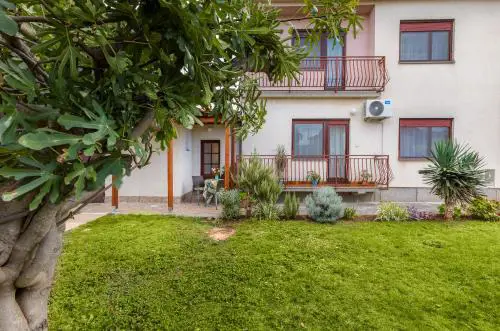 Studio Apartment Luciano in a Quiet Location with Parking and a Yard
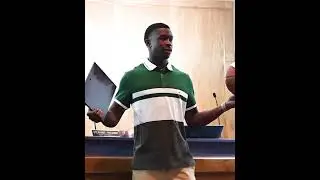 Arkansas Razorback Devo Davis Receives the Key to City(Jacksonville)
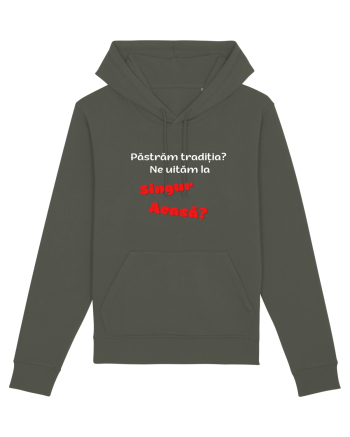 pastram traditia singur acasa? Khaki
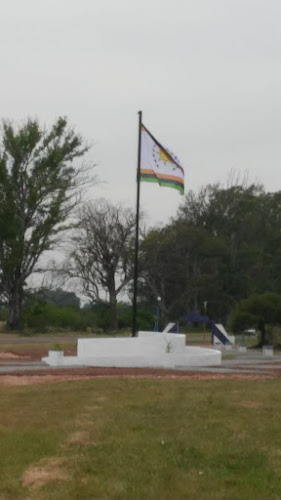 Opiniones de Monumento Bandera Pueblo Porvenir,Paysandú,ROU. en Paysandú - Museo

****

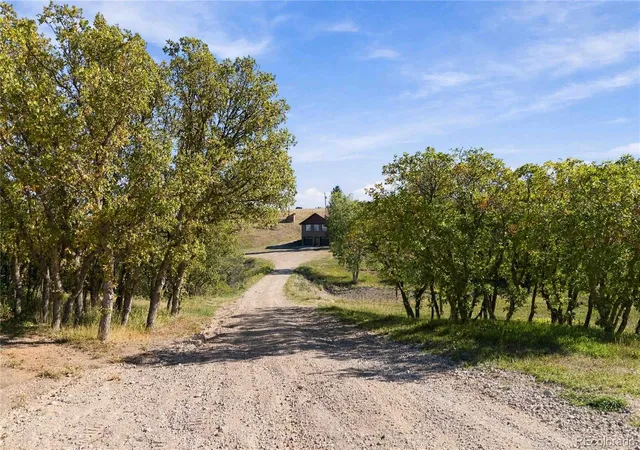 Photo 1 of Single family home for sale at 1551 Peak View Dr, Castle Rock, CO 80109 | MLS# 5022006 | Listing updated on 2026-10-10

****

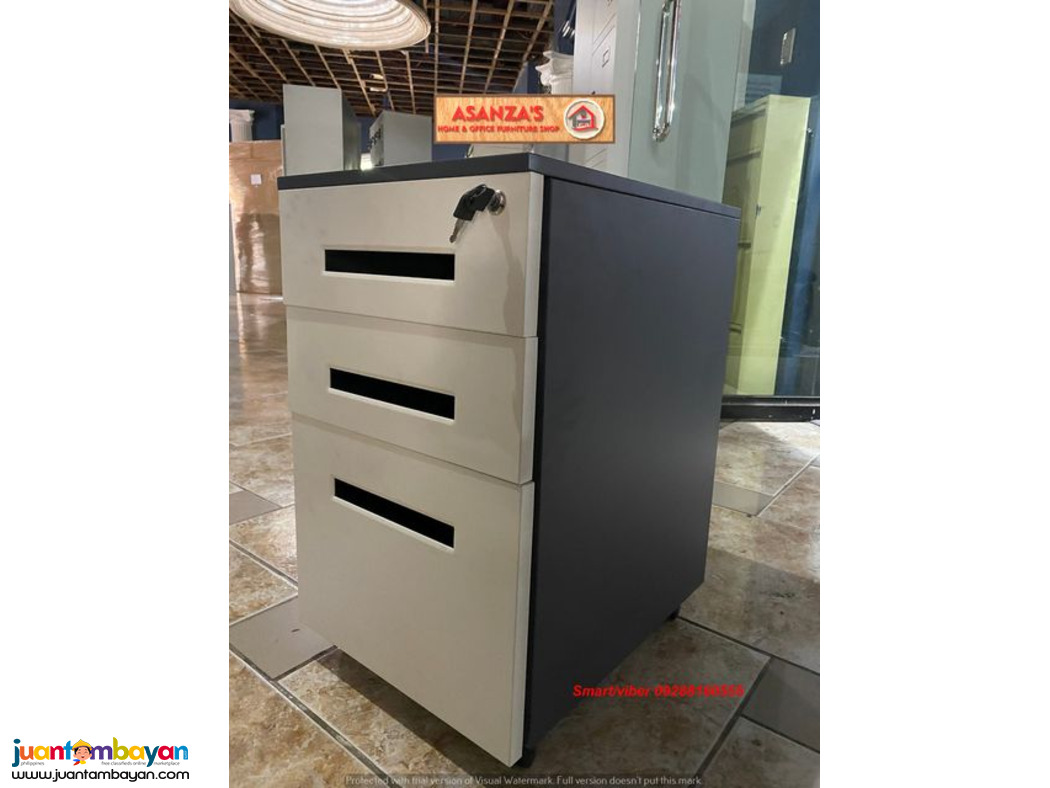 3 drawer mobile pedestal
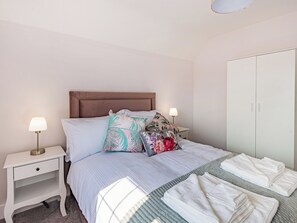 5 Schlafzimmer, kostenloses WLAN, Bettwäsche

****

Write back word for word every line in the entries above from the one with "Studio Apartment Luciano" to the one with "Opiniones de Monumento", ends included, and none of the pictures.

**Response below:**
 Studio Apartment Luciano in a Quiet Location with Parking and a Yard
 Arkansas Razorback Devo Davis Receives the Key to City(Jacksonville)
 pastram traditia singur acasa? Khaki
 Opiniones de Monumento Bandera Pueblo Porvenir,Paysandú,ROU. en Paysandú - Museo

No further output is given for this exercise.